Thanks! The fact that I’ve been vacillating since November tells me I’m leaning toward keeping it.
 
I have a 2012 2.6ghz quad that I use for video editing. Aside from the aging HD4000, it's really a great machine. I don't know which 2015 13" MBP you have, but the i5 version has a geekbench rating around 7000 and your mini is almost 12000. No way that I would trade my Mini for any 2015 MBP, a 3 hour render would turn into a 5 or 6 hour render. But of course, if you don't care about CPU then there's no need to keep the Mini, I think that is the main case for the 2012 quads.

Using it as a media server is a huge waste of resources, you don't need a quad core cpu for that. I have a base model 2014 Mini (4gb/500gb HD) as a media server and it is even overkill for that. Using it as a network disk on my LAN with filesharing, I get about 100MB/sec read/write performance. So I wouldn't keep the quad just for that purpose, sell it and get a base mini or some other inexpensive computer.

One thing I like about my 2012 quad is that it runs MacOS 10.8.5. I have the internal SSD set to boot into that, for the times when I still need my very expensive legacy software. But most of the time it boots into Sierra from an external USB 1tb SSD. I am not interested in selling mine, regardless of resale value, because I still need it for specific things and a new Mac with comparable CPU is more than I want to spend.
 
I know people do it, so does Apple continue providing security updates and such for older versions of macOS, at least for a certain number of years?

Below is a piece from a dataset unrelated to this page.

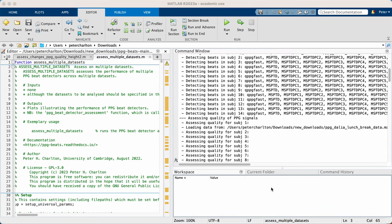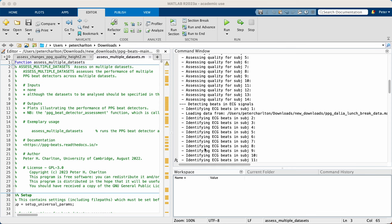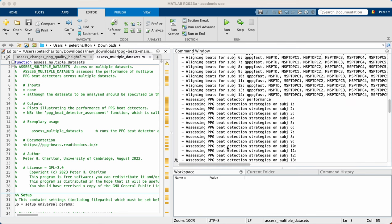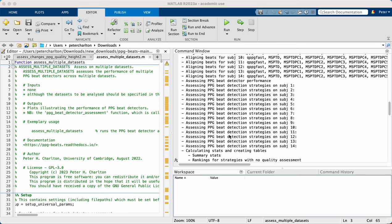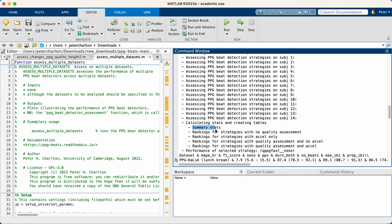Welcome back. When we left, the toolbox was detecting beats in each subject's PPG signals. Since then, it's gone through a few additional steps, such as identifying beats in simultaneous ECG signals, and assessing the performance of each beat detector. It's produced these summary statistics for the performance of each beat detector, which is what we're now going to look at.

Yes. I don't tend to run the latest MacOS (as a matter of personal preference), and they still get big fixes and security updates for a few years.

It's very short compared to Windows though.
 
I have a 2012 2.6ghz quad that I use for video editing. Aside from the aging HD4000, it's really a great machine. I don't know which 2015 13" MBP you have, but the i5 version has a geekbench rating around 7000 and your mini is almost 12000. No way that I would trade my Mini for any 2015 MBP, a 3 hour render would turn into a 5 or 6 hour render. But of course, if you don't care about CPU then there's no need to keep the Mini, I think that is the main case for the 2012 quads.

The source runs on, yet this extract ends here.